═══ DATA UNDER STUDY

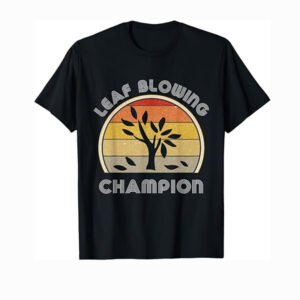 Leaf Blower Funny Lawn Care For Dads Shirt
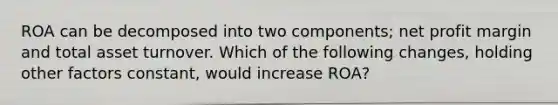 ROA can be decomposed into two components; net profit margin and total asset turnover. Which of the following changes, holding other factors constant, would increase ROA?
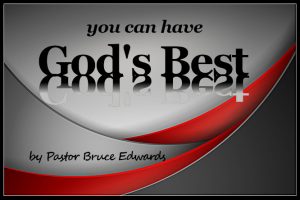 gods best by pastor bruce edwards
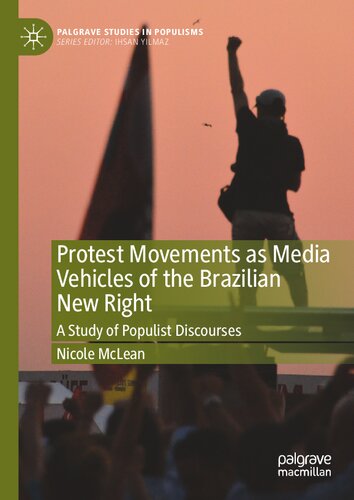 Protest Movements as Media Vehicles of the Brazilian New Right: A Study of Populist Discourses (Palgrave Studies in Populisms) (PDF/EPUB Version)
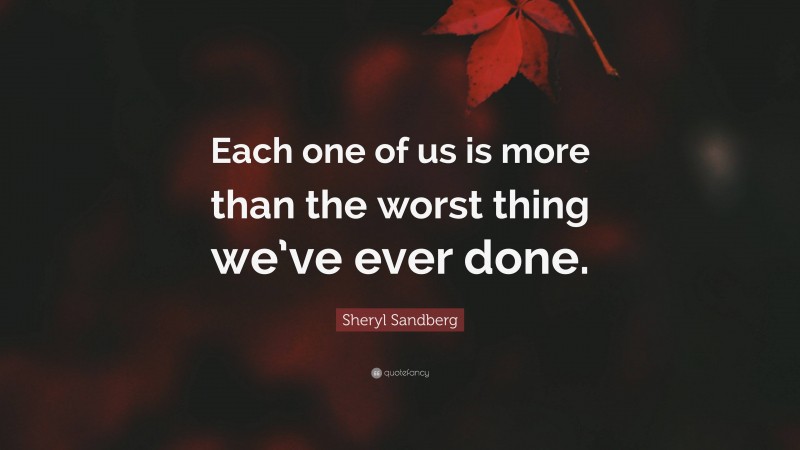 Sheryl Sandberg Quote: “Each one of us is more than the worst thing we’ve ever done.”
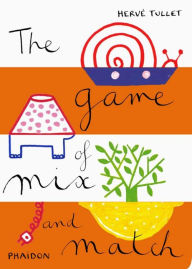 Title: The Game of Mix and Match, Author: Hervé Tullet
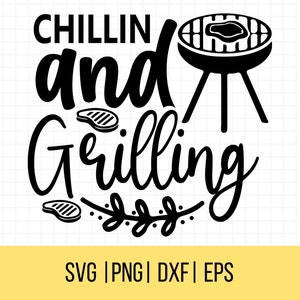 May include: Black and white graphic design with the text "Chillin and Grilling" with a grill and steak silhouettes.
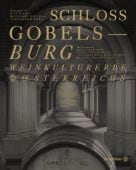 Schloss Gobelsburg, Christian Brandstätter, EAN/ISBN-13: 9783710605765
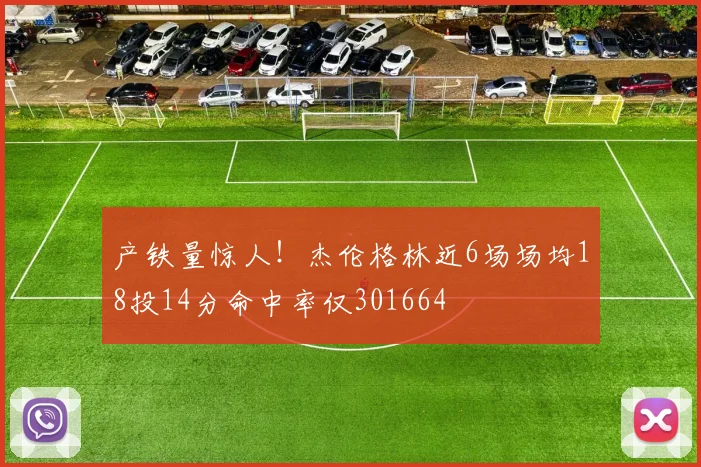 产铁量惊人！杰伦格林近6场场均18投14分命中率仅301664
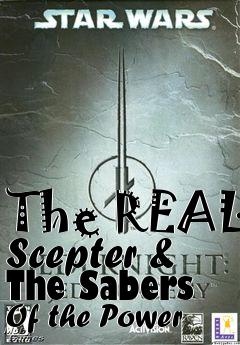 Box art for The REAL Scepter & The Sabers Of the Power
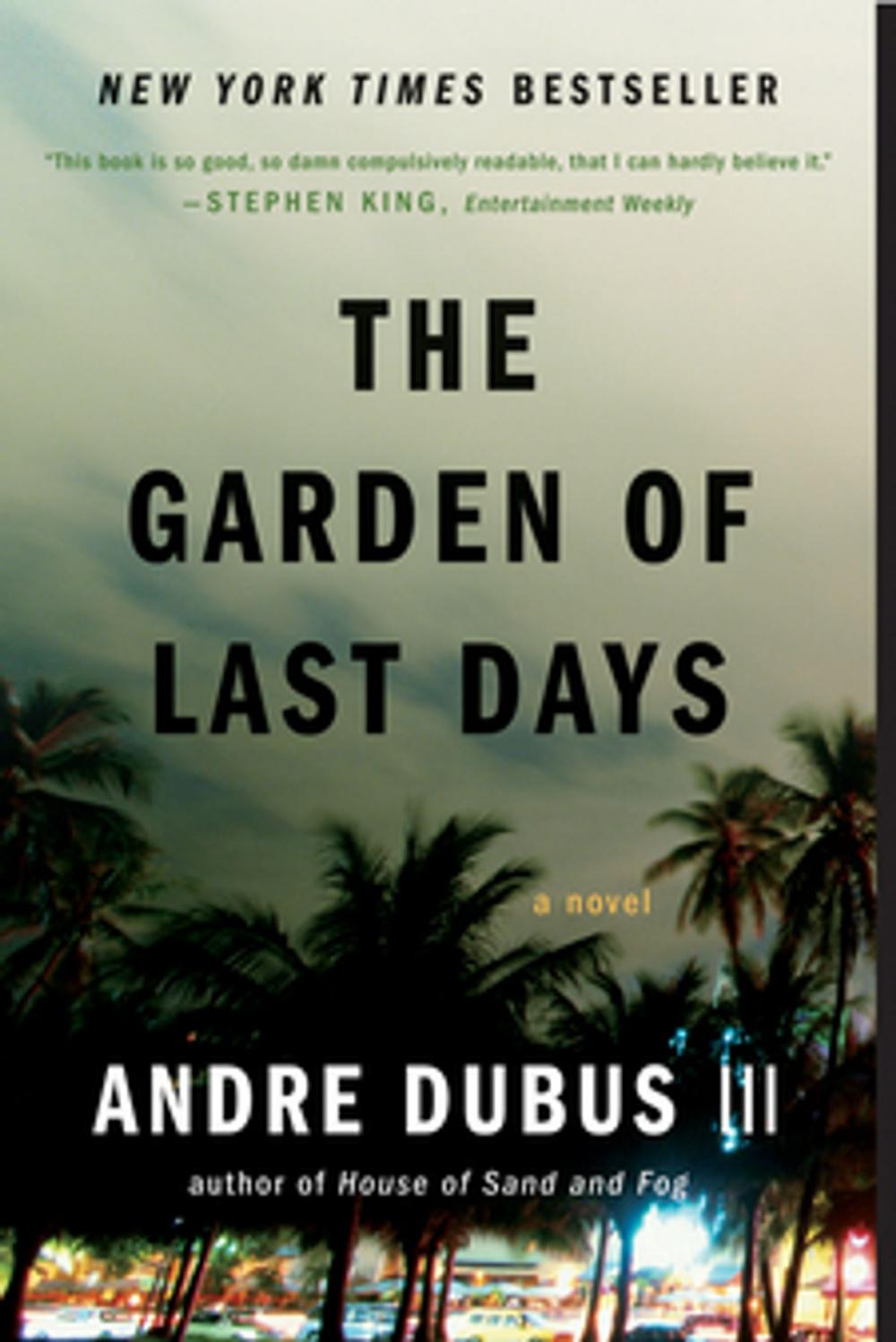 Big bigCover of The Garden of Last Days: A Novel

══════

**WHAT IS REQUIRED:** Once the pictures are set aside, what is needed is the lines from the line with "Protest Movements as" through the end of the data, written out exactly and alone.

**ANSWER FOR THIS EXERCISE:**
 Protest Movements as Media Vehicles of the Brazilian New Right: A Study of Populist Discourses (Palgrave Studies in Populisms) (PDF/EPUB Version)
 Sheryl Sandberg Quote: “Each one of us is more than the worst thing we’ve ever done.”
 Title: The Game of Mix and Match, Author: Hervé Tullet
 May include: Black and white graphic design with the text "Chillin and Grilling" with a grill and steak silhouettes.
 Schloss Gobelsburg, Christian Brandstätter, EAN/ISBN-13: 9783710605765
 产铁量惊人！杰伦格林近6场场均18投14分命中率仅301664
 Box art for The REAL Scepter & The Sabers Of the Power
 Big bigCover of The Garden of Last Days: A Novel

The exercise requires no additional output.